おそらくはそれでいい
よみものが足りないけれど本のかたちになっているものをめくる暇がなくて、端末で書くことを本職にしていないひとの文章をぽちぽちと読んでみている。最初は戸惑ったけれど面白いものもみつかるようになった。たからさがしのよう。
会話だけで話の展開をひっぱったり、埋め合わせるみたいに情景を書きこんだり、人物を描写するというよりは設定を説明してしまったり。
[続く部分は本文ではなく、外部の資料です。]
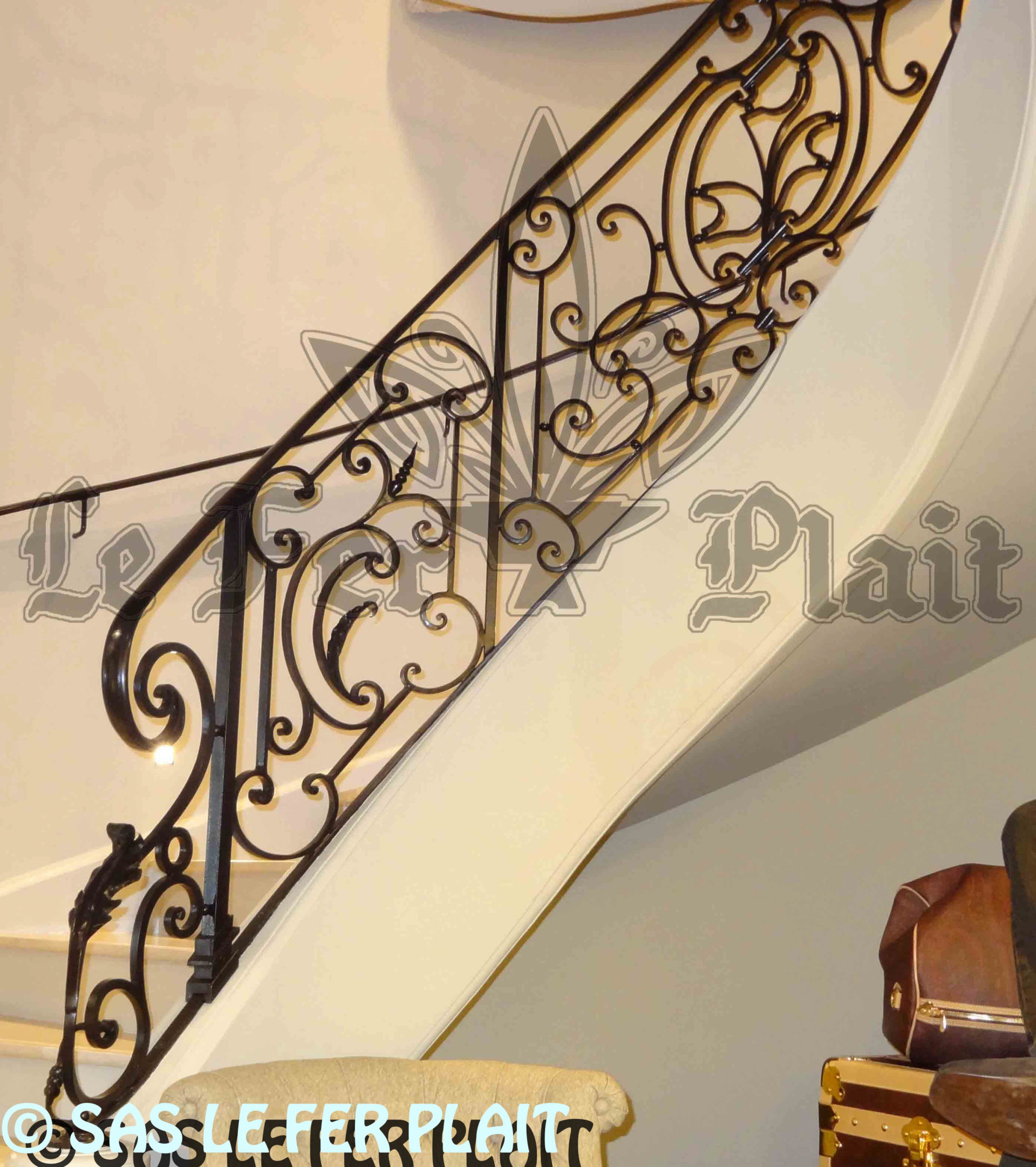 Le Fer Plait ferronnier à eaubonne dans le val D'oise 95 rampe escalier fer forgé sur mesure pour éviter les accidents dans les escaliers.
ちょっとだけお話のようなものを書いてみたことがあるけれど、やっぱりそんなふうになった。
本のかたちになったものを買ったり借りたりして読むことをあたりまえにして享受してきたけれど、それを書いた誰かだけでなく、対価が発生すると判断がされて、背表紙には名前が書かれないたくさんの誰かに送り出されたということはものすごいことなんだと思う。
最近いろいろと読んでみたものもとても楽しかった。
買って読むものならこういうの非難ごうごうだよね、という展開をする。オチる。いいのそういうの読みたかったのと身もだえたり、マネキンの首みたいなものをごろんと転がしたり砲丸投げしてみたりすることに息を吸い込んだり口を開けたりする。
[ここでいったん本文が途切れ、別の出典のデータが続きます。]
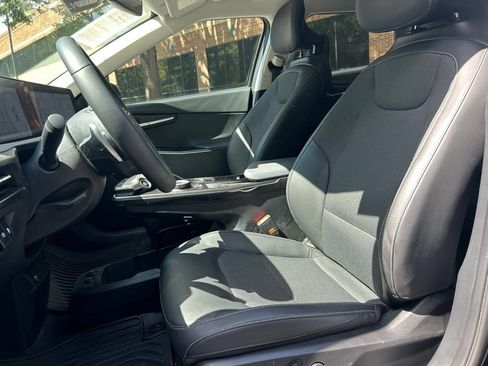Used 2024 Kia EV6 Light RWD image 6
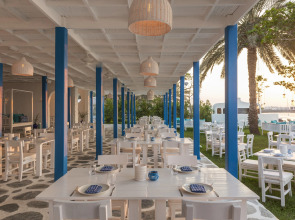 Отель Le Méridien Mina Seyahi Beach Resort & Waterpark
綺麗だとか美しいの広がりのこと。悲しみや怒りのもとのところにある素朴なもの。からだの中に収める気がみじんも感じられないような欲や、隠そうとして歪んでなじんでしまったような肯定や否定のさまざまなかたち。
そんな、文筆家ならきっとしないような瑞々しくて生々しい言葉の連なりを読むとき、薄闇に橙色の灯りをみるような気持ちになる。
それを書いたひとがどこかにいるということ。そんな気持ちを自分も知っていること。
感じることだって伝え方だっていろいろなんだと温度をもって感じることはうれしい。本のかたちになったものにはつい構えてしまうから。
短い文章や物語はうまく書けない。見せられるような絵や歌や踊りなんてない。ただ、簡単な文章なら少しだけ苦手ではないと思える。それをしているとき、考えているとき、だいたいは楽しくいられる。
それでいいんじゃないかな。それでいいような気がする。